Serverless is (mostly) about money.
I’ve been working on software projects for a living for 30 years. In 1989, I worked on a COBOL application which managed orders, production schedules, billing and payroll for a manufacturing company. Then I worked on a client-server project for professional service automation; next came a range of web projects, along with mobile, video, and VR/AR, and data applications.
The overwhelming trend over that time is that the proportion of effort expended on domain-specific code has increased dramatically, and the cost of infrastructure capital investment has mostly been replaced by pay-as-go cost.
The latest phenomenon that’s about to break through into the mainstream is serverless.
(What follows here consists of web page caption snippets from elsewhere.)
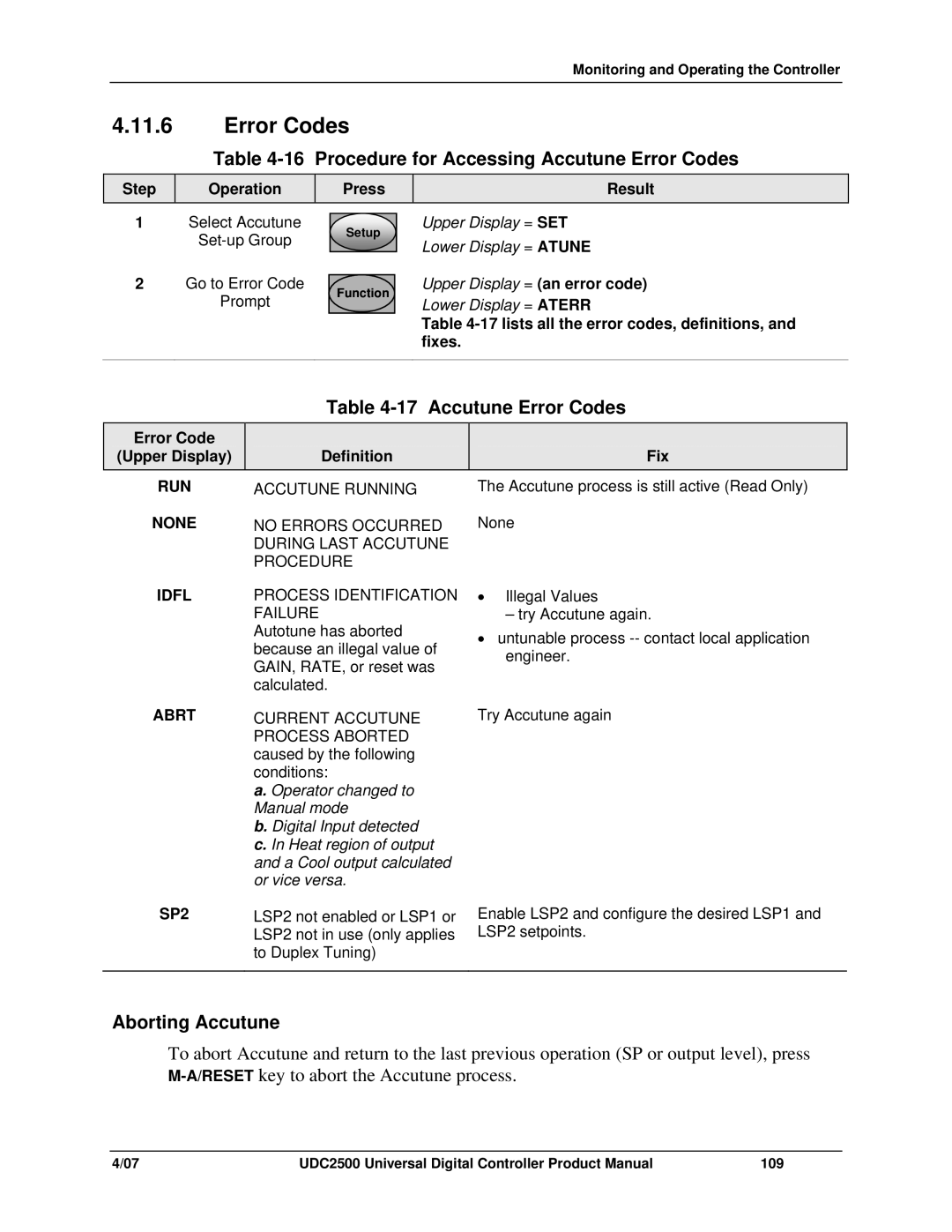 Honeywell UDC2500 manual Procedure for Accessing Accutune Error Codes, Aborting Accutune 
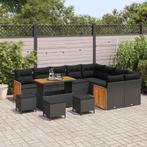 vidaXL Tuinbank Set 13 pcs Zwart 110 x 55 x 71 cm poly, Tuin en Terras, Verzenden, Nieuw
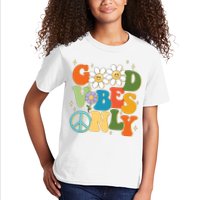 Good Vibes Only Retro Hippie Kids T-Shirt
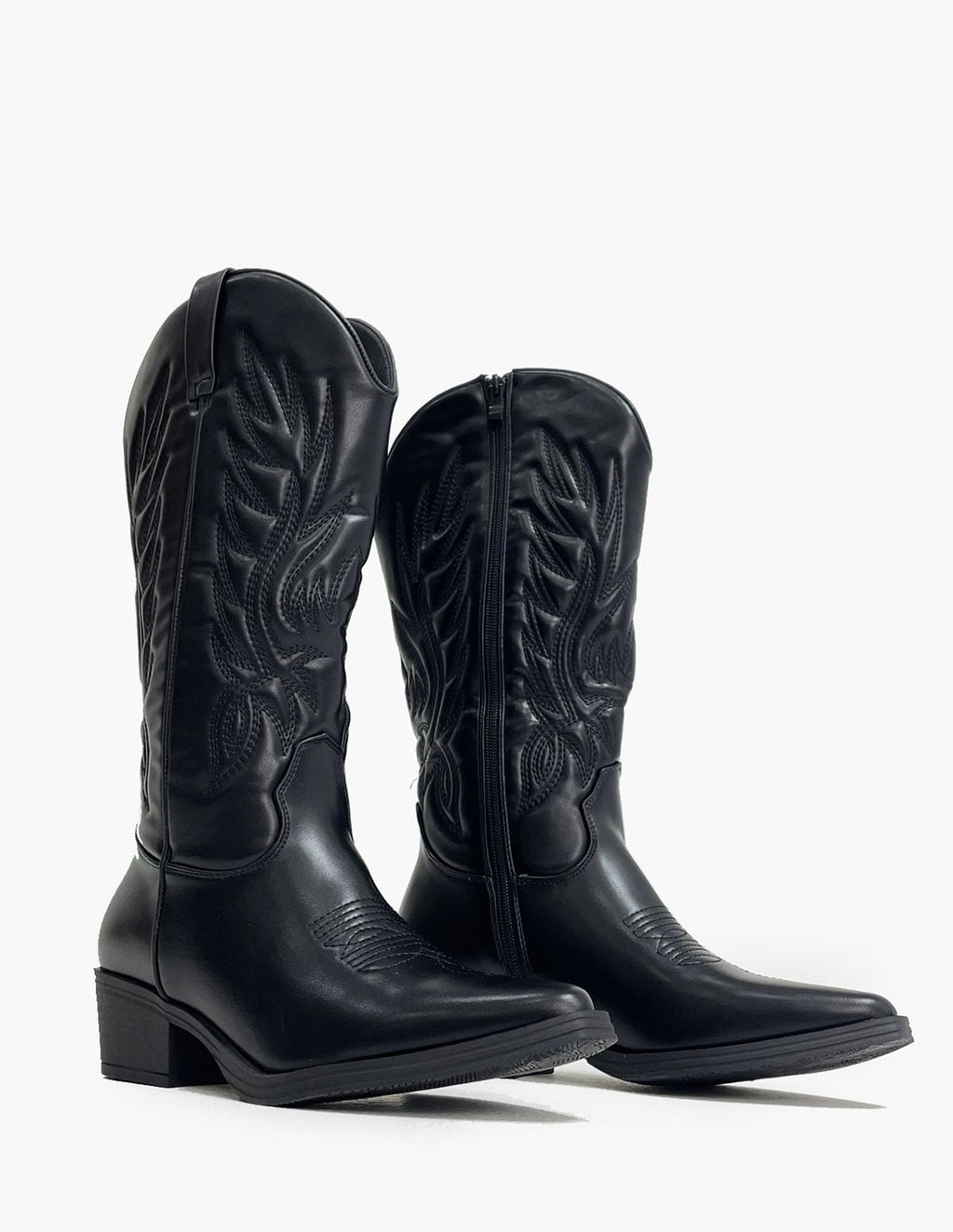 Botas Negras con Tacón - Estilo Cowboy Mujer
The definition is a little bit open to interpretation, but this is probably the best I’ve seen.
The concept is broken down into two parts: “Backend as a Service” (BaaS) provides functionality to applications on a per-use basis – it’s a little hard to say exactly where the boundaries lie, but in principle the commercial trade off is “do I invest effort building feature x, or do I pay on a per-use basis?”.
The second type is “Function as a Service” (FaaS) – developers write code, and the service provider runs it in the location determined by the commercial arrangement. Here the commercial trade-off is “do I invest in a hosting platform (which could be Cloud), which I manage myself, or do I pay a tiny amount every time the code runs, and let someone else sort out the hosting platform?”.
So why is that mostly about money?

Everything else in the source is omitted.